La seconde partie du dossier s’intéresse à trois communautés dont l’inspiration n’est pas uniquement fouriériste, car leurs fondateurs ont pu puiser à d’autres sources théoriques, conférant ainsi à chacune des caractéristiques qui leur sont propres et qui sont également liées au territoire sur lesquels elles se sont implantées. Sans surprise, la question de l’organisation du travail et celle de la démocratie ont été au cœur de leur fonctionnement interne. Steven R. Pendery et Robert W. Preucel s’appuient sur des travaux archéologiques pour étudier Brook Farm, communauté fondée dans le Massachussets par le transcendentaliste Georges Ripley. Étienne Lamarche analyse les différents âges de la North American Phalanx et son progressif éloignement du modèle proposé par A. Brisbane en 1843. À travers sa présentation du phalanstère peu connu du Comté de Mahaska dans l’Iowa, D. Rousselière rappelle la nécessité de préserver les archives pour les travaux historiques futurs et la transmission de la mémoire.

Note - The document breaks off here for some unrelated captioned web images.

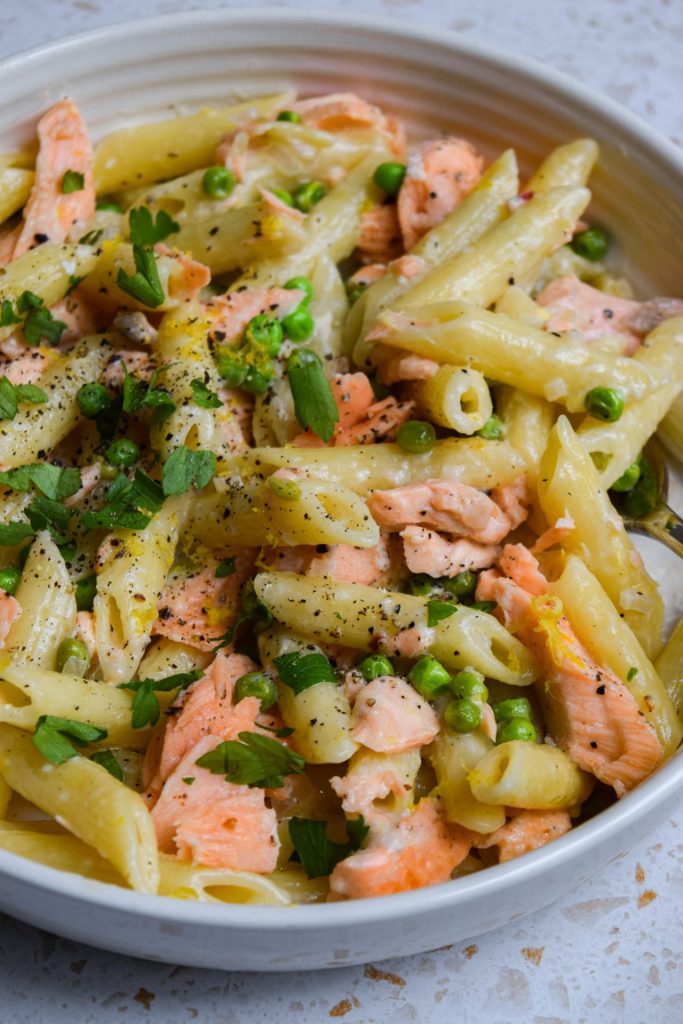 Salmon and pea pasta in a white bowl.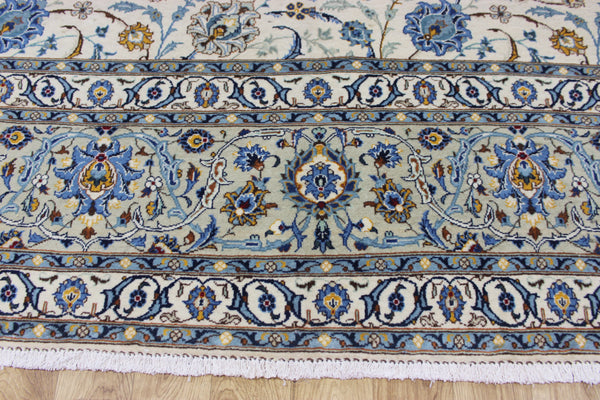 Signed Persian keshan carpet, of superb classic floral design with outstanding colours 443 x 294 cm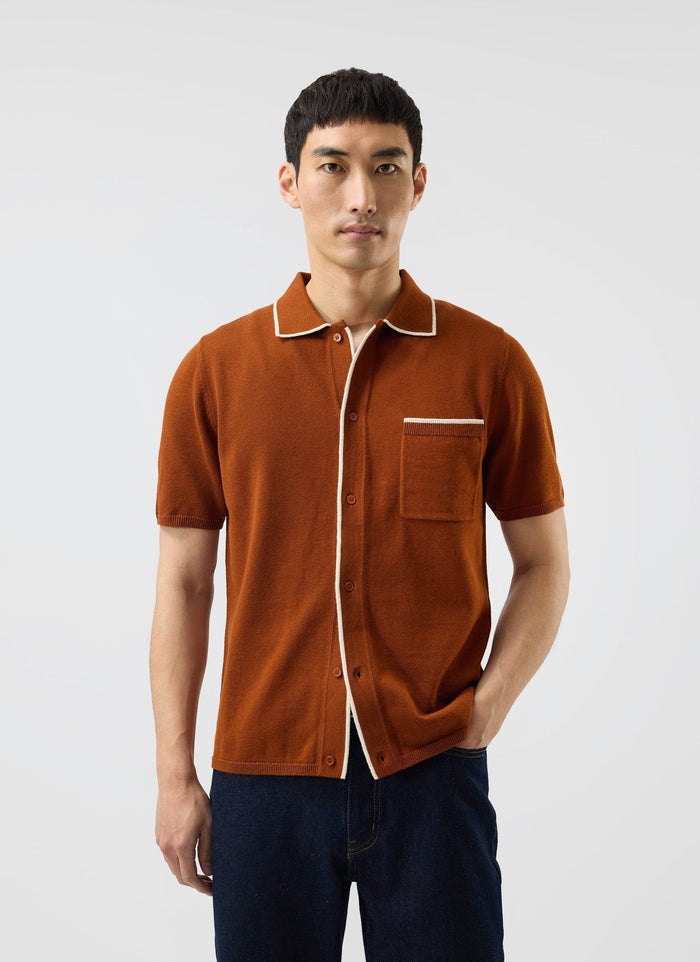 A model wears the Percival Contrast Trim Shirt in rust, a wool-blend knit styled with dark denim jeans.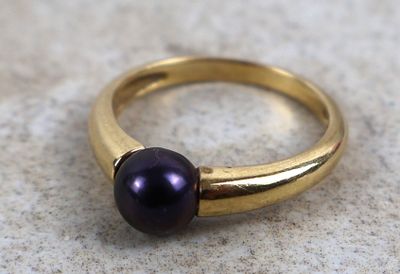 un gros plan d'une bague ornée d'une perle violette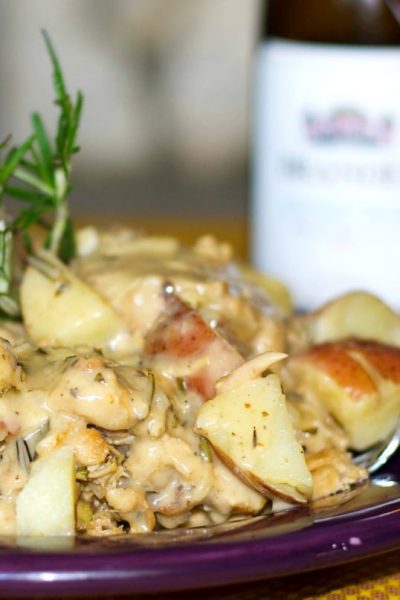 A close up of Chicken in a white wine rosemary sauce with red potatoes.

A contrario des articles fondées sur les sources documentaires, les deux textes qui composent la troisième partie proposent une évocation plus subjective du fouriérisme - l’une mémorielle et l’autre esthétique - mais qui n’en est pas moins intéressante. Juli Kearns évoque sa propre perception d’un passé familial longtemps enfoui, lié aux communautés d’Alphadelphia et Liberal, tandis que la photographe Katherine Cunningham revient sur son exploration photographique des sites occupés par les communautés de l’Indiana et l’Ohio. Les plans de certains édifices et les photographies des traces encore visibles du « fouriérisme pratiqué » dans ces paysages, qui figurent dans le cahier central, constituent une source précieuse et trop rarement exploitée par les historiens.

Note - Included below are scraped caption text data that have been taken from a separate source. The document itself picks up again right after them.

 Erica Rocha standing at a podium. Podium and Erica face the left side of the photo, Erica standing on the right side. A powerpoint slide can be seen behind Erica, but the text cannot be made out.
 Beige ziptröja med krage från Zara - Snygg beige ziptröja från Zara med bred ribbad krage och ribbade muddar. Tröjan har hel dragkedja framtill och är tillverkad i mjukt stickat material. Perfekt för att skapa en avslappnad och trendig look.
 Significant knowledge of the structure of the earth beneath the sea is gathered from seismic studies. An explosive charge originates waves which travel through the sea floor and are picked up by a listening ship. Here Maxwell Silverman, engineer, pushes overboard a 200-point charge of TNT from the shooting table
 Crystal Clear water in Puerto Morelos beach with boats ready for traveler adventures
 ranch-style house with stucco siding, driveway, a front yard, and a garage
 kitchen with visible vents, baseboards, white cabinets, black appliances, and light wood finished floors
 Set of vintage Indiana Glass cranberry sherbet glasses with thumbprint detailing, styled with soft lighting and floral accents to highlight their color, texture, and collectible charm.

Peu connues du monde francophone, la plupart de ces expériences communautaires menées à l’instigation d’Américains de naissance se sont déroulées dans les années 1830-1840. Au cours de la décennie suivante, quelques Français tentent l’aventure dans ces espaces américains où tout semble possible, comme le Bisontin Victor Considérant (évoqué fugacement dans ce dossier) qui, après avoir rencontré Brisbane, embarque une première fois en décembre 1852, au moment même où le couronnement de Napoléon III enterre définitivement la Seconde République. Deux ans plus tard, il établira le phalanx « Réunion » au Texas.

Ce numéro des Cahiers Fourier nous rappelle ainsi qu’avant d’être la terre d’élection du capitalisme, les États-Unis furent la terre promise des réalisateurs d’utopie, qui tentèrent de donner corps aux principes fondateurs de l’économie sociale, selon des interprétations parfois radicales, parfois personnelles, « dans un espace moins gangréné qu’en Europe par tous les travers de la civilisation ». Le mot de la fin revient à la photographe K. Cunningham, qui laisse entendre que son projet n’est pas seulement esthétique : « Dans le climat politique actuel, où l’on réalise de plus en plus que le modèle démocratique américain est menacé, je trouve important de faire revivre ces moments de promesses oubliés, d’en fouiller les vestiges ».